### DATASET
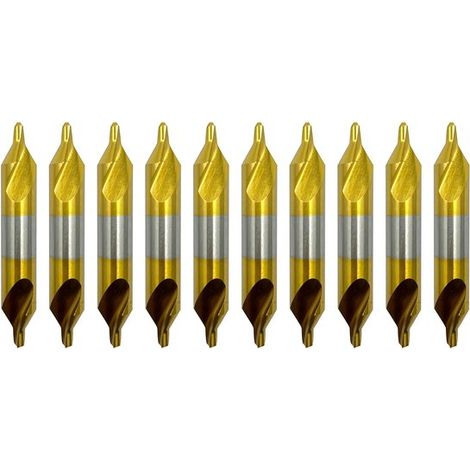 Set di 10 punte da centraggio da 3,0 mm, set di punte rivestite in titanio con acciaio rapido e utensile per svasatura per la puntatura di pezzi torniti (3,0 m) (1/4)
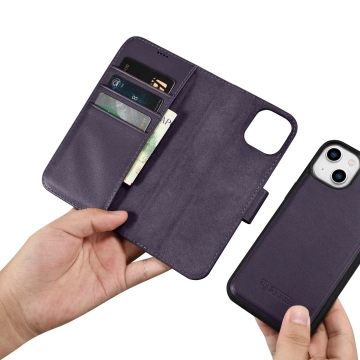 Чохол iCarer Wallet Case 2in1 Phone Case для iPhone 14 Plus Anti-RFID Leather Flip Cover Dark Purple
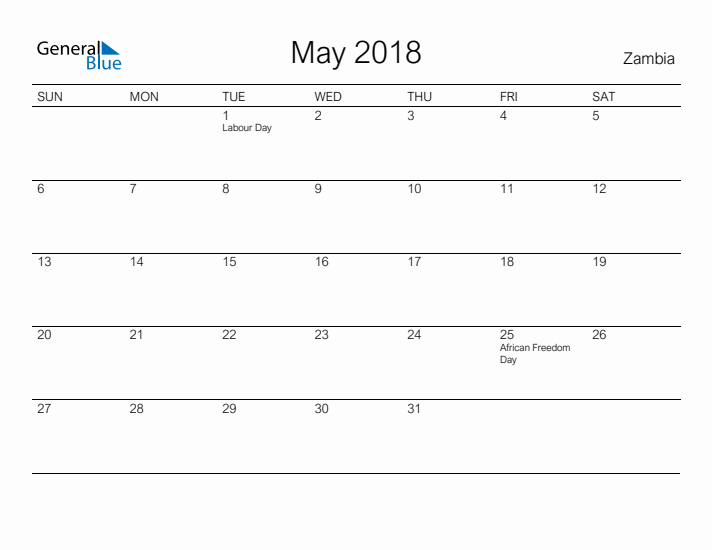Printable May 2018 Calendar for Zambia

* * *

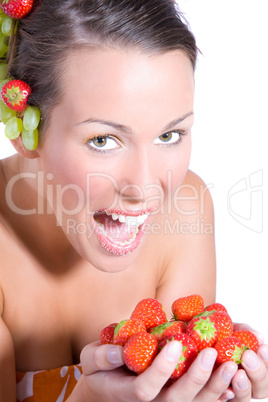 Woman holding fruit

==

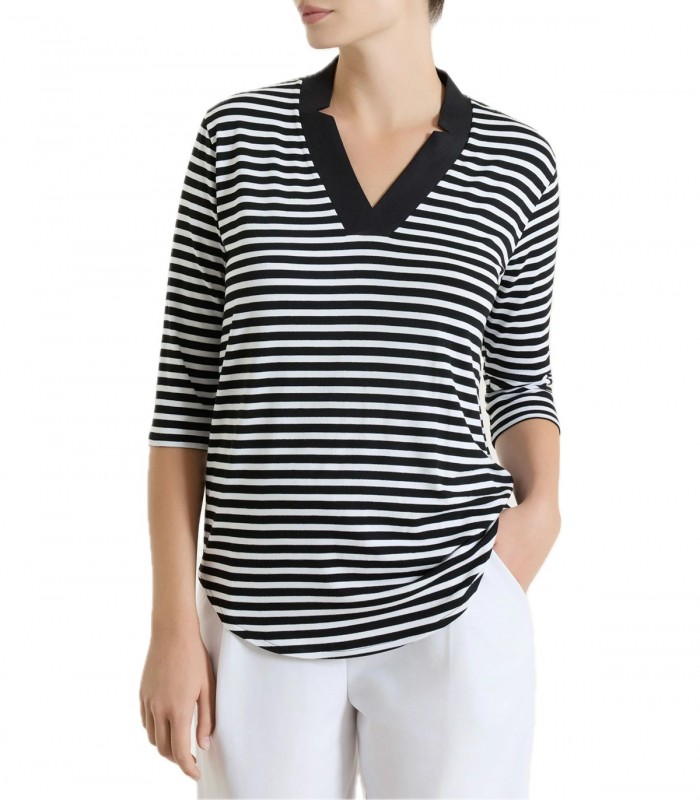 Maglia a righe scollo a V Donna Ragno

### YOUR TASK
Precisely those lines above that run from the line with "Set di 10 punte" up to and including the line with "Printable May 2018 Calendar for Zambia" are to be set down, with the pictures omitted.

### RESULT OF THIS EXERCISE
 Set di 10 punte da centraggio da 3,0 mm, set di punte rivestite in titanio con acciaio rapido e utensile per svasatura per la puntatura di pezzi torniti (3,0 m) (1/4)
 Чохол iCarer Wallet Case 2in1 Phone Case для iPhone 14 Plus Anti-RFID Leather Flip Cover Dark Purple
Printable May 2018 Calendar for Zambia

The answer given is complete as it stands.